(What you need to do): Provide the records once more, identical to the original.

START The data

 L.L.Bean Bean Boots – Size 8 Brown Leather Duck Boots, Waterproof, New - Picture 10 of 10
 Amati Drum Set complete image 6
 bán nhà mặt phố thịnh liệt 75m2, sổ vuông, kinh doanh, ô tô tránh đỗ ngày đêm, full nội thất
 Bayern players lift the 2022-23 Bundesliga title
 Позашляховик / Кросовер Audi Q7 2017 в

END The data

(Reply to the exercise):
 L.L.Bean Bean Boots – Size 8 Brown Leather Duck Boots, Waterproof, New - Picture 10 of 10
 Amati Drum Set complete image 6
 bán nhà mặt phố thịnh liệt 75m2, sổ vuông, kinh doanh, ô tô tránh đỗ ngày đêm, full nội thất
 Bayern players lift the 2022-23 Bundesliga title
 Позашляховик / Кросовер Audi Q7 2017 в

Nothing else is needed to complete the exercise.